Exercise instructions: Starting with the first line of the material, reproduce exactly each line up to and including the one that contains "A close-up image", leaving out every picture.

Source material:
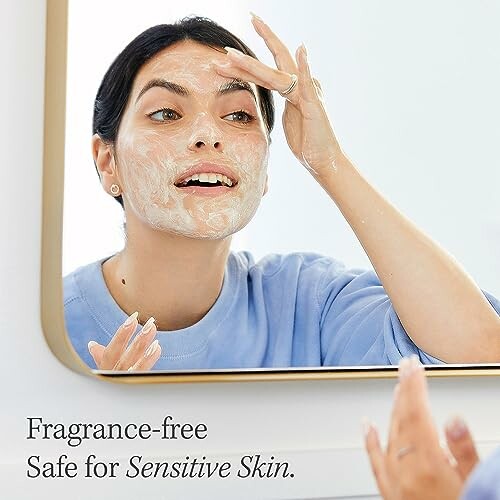 Woman applying skincare product in front of mirror.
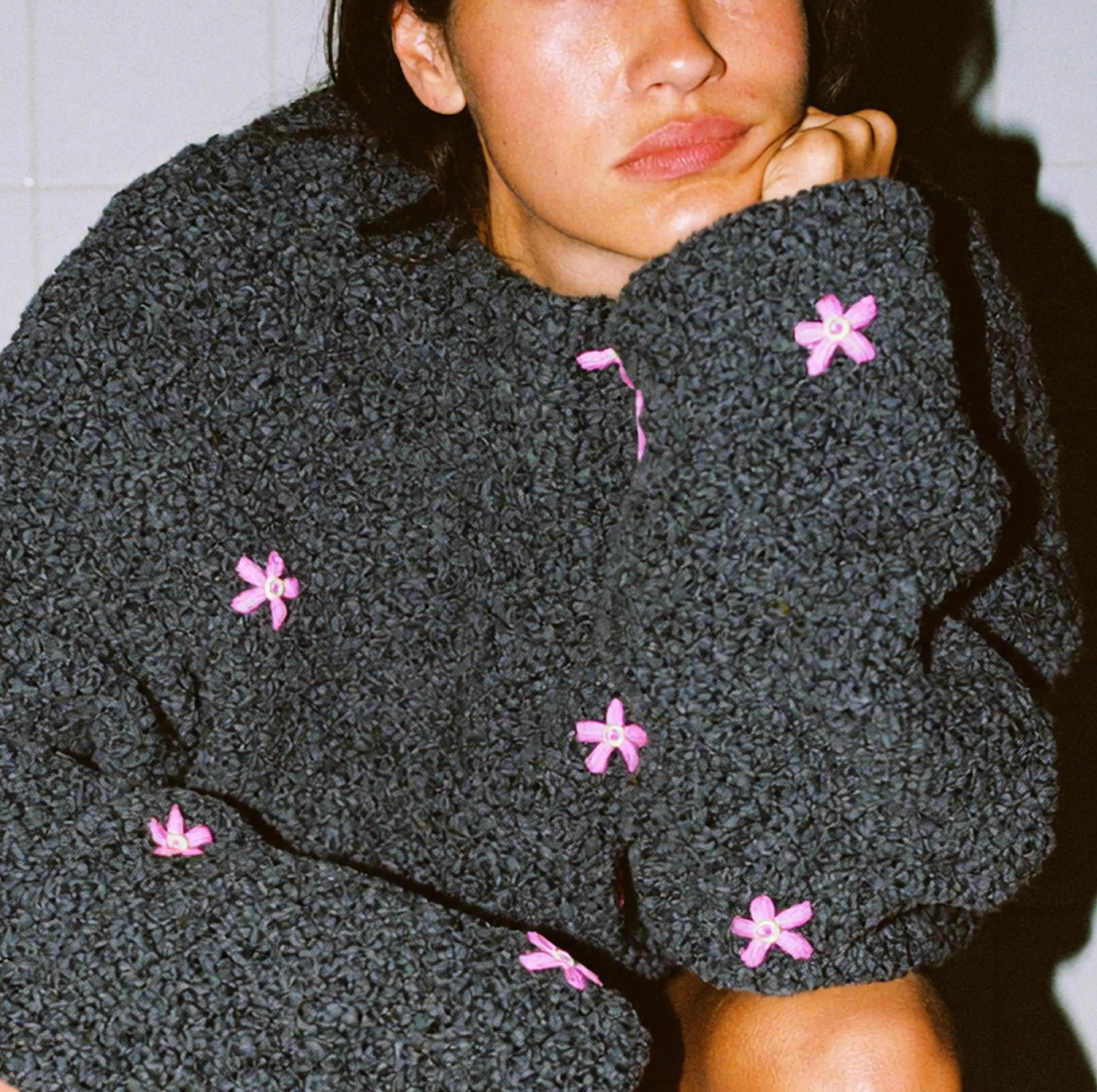 A close-up image of a woman frowning with her arm resting on her knee and her head resting in her hand. She's wearing a gray hoodie with pink flowers on it.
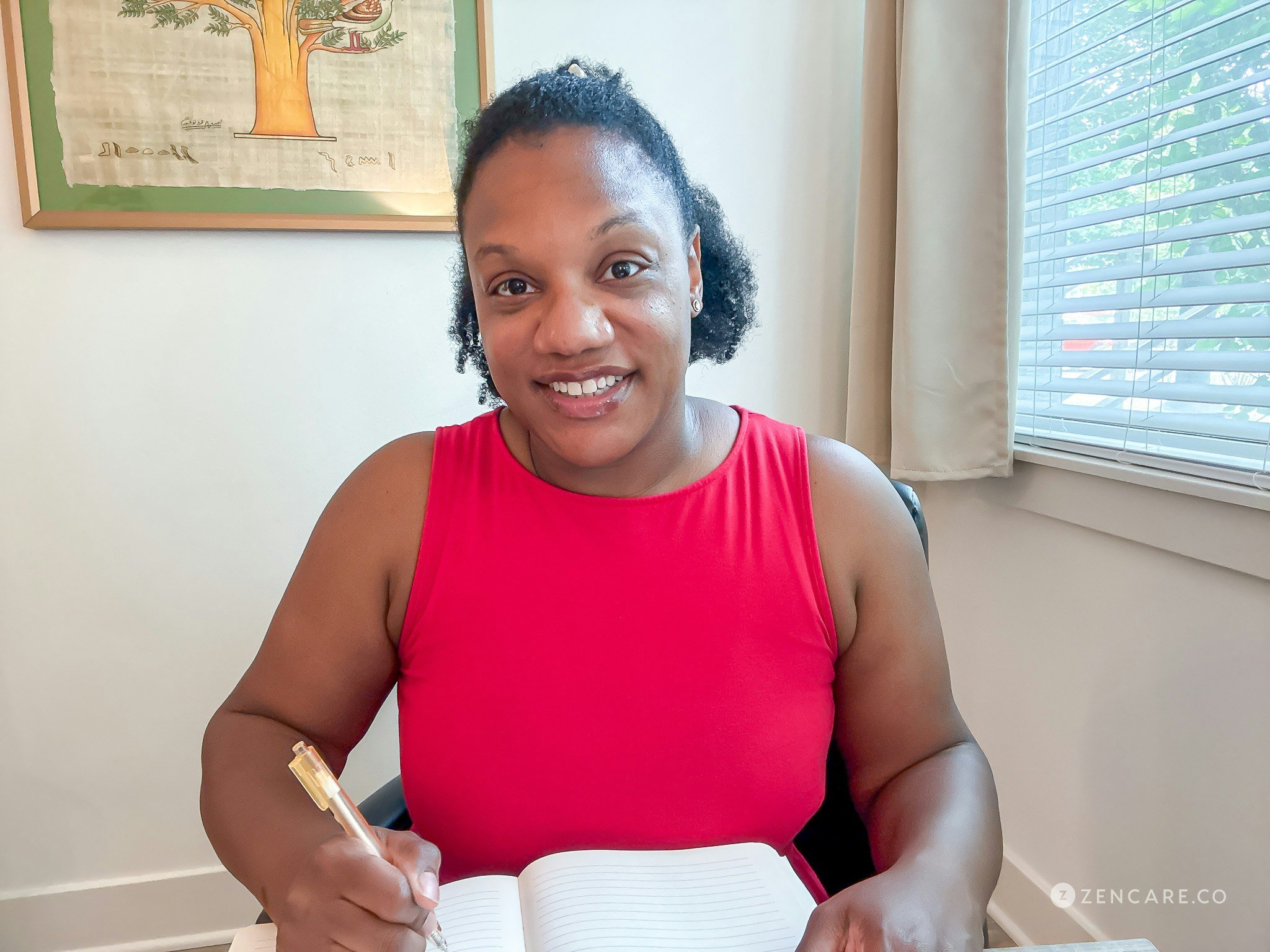 A woman with dark curly hair wearing a red sleeveless top, sitting at a table, writing in a notebook with a pen, in a room with a window, white walls, a zebra curtain, and a painting of a tree on the wall.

Output of the exercise:
 Woman applying skincare product in front of mirror.
 A close-up image of a woman frowning with her arm resting on her knee and her head resting in her hand. She's wearing a gray hoodie with pink flowers on it.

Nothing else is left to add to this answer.